The chapter that follows is, to my mind, one of the most successful in the book.  This is partly because it reaches beyond Field's lyric verse to their neglected and in my opinion under-rated verse drama, but also because of Ehnenn's skilful exploration of the dramatists use of performative silences.  Ehnenn compares Field's A Question of Memory (1893) to Elizabeth Robins and Florence Bell's Alan's Wife (1893)These plays were both considered 'failures' in performance, which Ehnenn argues convincingly is directly related to the way in which they offer protagonists (and authors) whose refusal to speak--refusal to perform--confounded audience expectations of what was possible for the dramatic medium.  In Alan's Wife, Jean refuses to speak about, to explain or repent, the killing of her child; in A Question of Memory Ferencz refuses to tell his captors the position of his regiment, though they kill his mother and sister for it.  Ehnenn comments that these silences are not passive, but are in themselves performative events, speech acts of refusal, that problematize and feminize (in Ferencz's case) the nature of heroism, and open up an alternative nonnarrative mode of expression that embraces multiple interpretations, and is contrary to the Victorian stage's stable world of narrative exposition.  In this way, Ehnenn reads these plays as avant garde experiments, foreshadowing the work of twentieth-century dramatists like Beckett.

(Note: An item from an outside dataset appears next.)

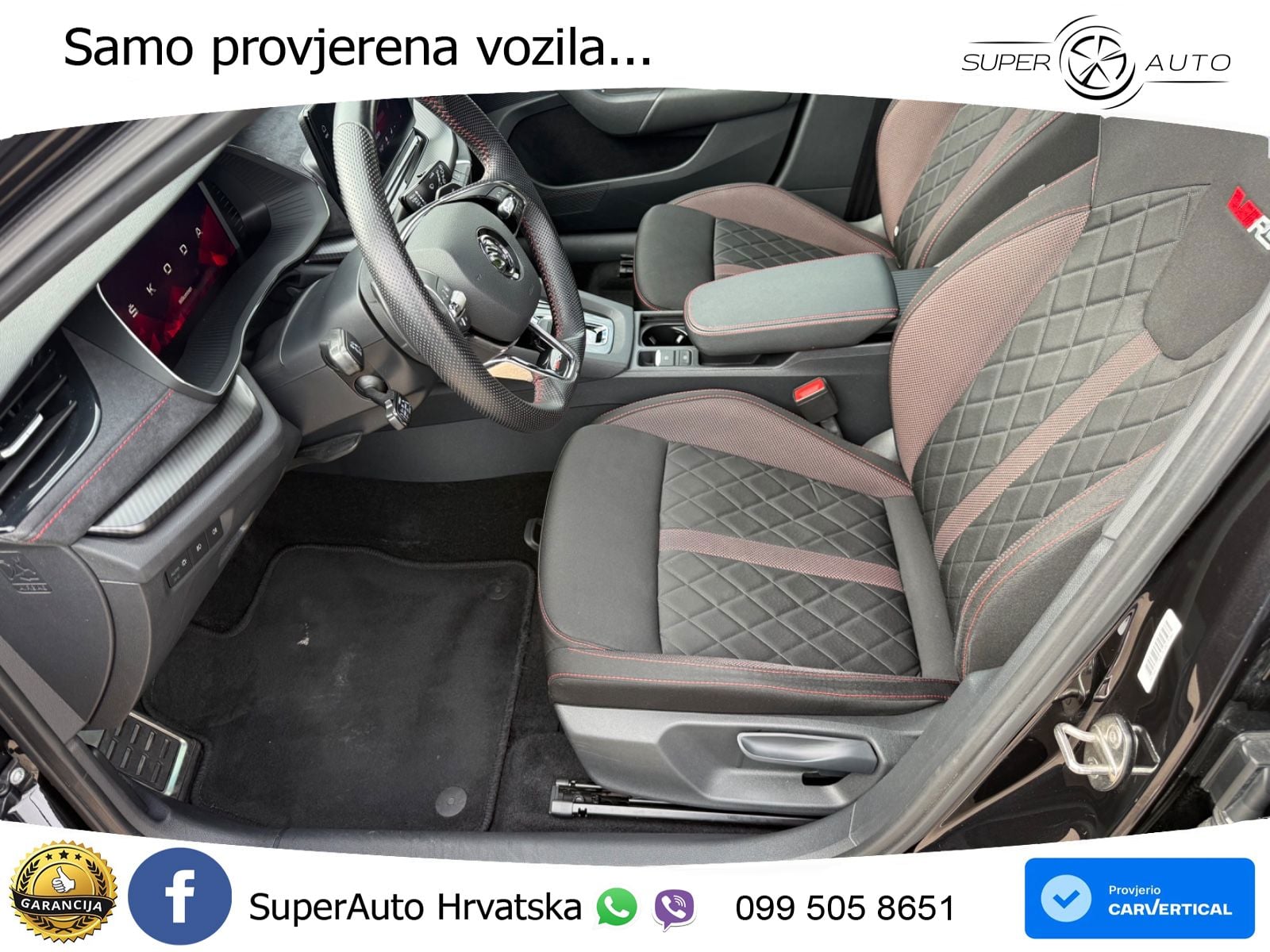 Škoda Octavia Combi RS 2.0 TSI (245 KS) DSG LED+GR SJED+ACC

Finally, Ehnenn considers Michael Field's use of history in their play on the life of Mary, Queen of Scots. The Tragic Mary (1890) is contrasted to Edith Somerville and Violet Martin's novel on the life of Charlotte Mullen, The Real Charlotte (1893)As Yopie Prins has also noted in regard to Long Ago, by appropriating an historical woman, Michael Field double their already doubled voice, performing and complicating the effects of multiple authorship.3  As in previous chapters, Ehnenn's purpose here is to call attention to the way in which these texts take issue with Victorian ideologies surrounding femininity, reconstructing in their place multi-faceted and often erotically-charged models of heroic womanhood.  Like the collaborative partnerships that produced them, Mary and Charlotte are palimpsests--there are no single visions, no seamlessly 'good' or 'bad' characters, but rather the characters provide a nexus for the layering of multiple historical and literary depictions.  In drawing together these characters with their collaborative authors, Ehnenn concludes that we should try and think about collaboration itself more queerly, less under the terms of an Authorship whose definition itself excludes such partnerships.     

In writing this book, Ehnenn set herself a difficult task. There is already an impressive body of critical literature associating Michael Field's transgressive collaborative practices with transgressive lesbian textuality, particularly with regard to lyric poetry such as Sight and Song.  In the early chapters of the book, I did wonder if Ehnenn could successfully distinguish her work from these other excellent critiques of Field's lyric poetry.  As the book progressed, and particularly as she left ‘the beaten track,’ it became clear that Ehnenn did have an important contribution to make to Michael Field studies, and that there were important thematic similarities between the work of Michael Field and other female literary collaborators.   While Ehnenn takes as her subject women's literary collaboration, she maintains a nice balance between the constructions of literary partnership and textual analysis of the works they produce.   More than that, she reads these collaborative structures alongside the textual strategies that the writers use in their texts to denaturalize or queer conventional understandings of women and of heterosexuality. 

Sharon Bickle
Monash University

1 Jill Ehnenn, "Looking Strategically: Feminist and Queer Aesthetics in Michael Field's Sight and Song" in Victorian Poetry 42.3 (Fall 2004): 213–47.
2 Ana I. Parejo Vadillo,  "Sight and Song: Transparent Translations and a Manifesto for the Observer," Victorian Poetry 38.1 (2000): 15–34;  Hilary Fraser,  "A Visual Field: Michael Field and the Gaze," Victorian Literature and Culture 34 (2006): 553–71.
3 See Yopie Prins, Victorian Sappho (Princeton: Princeton UP, 1999).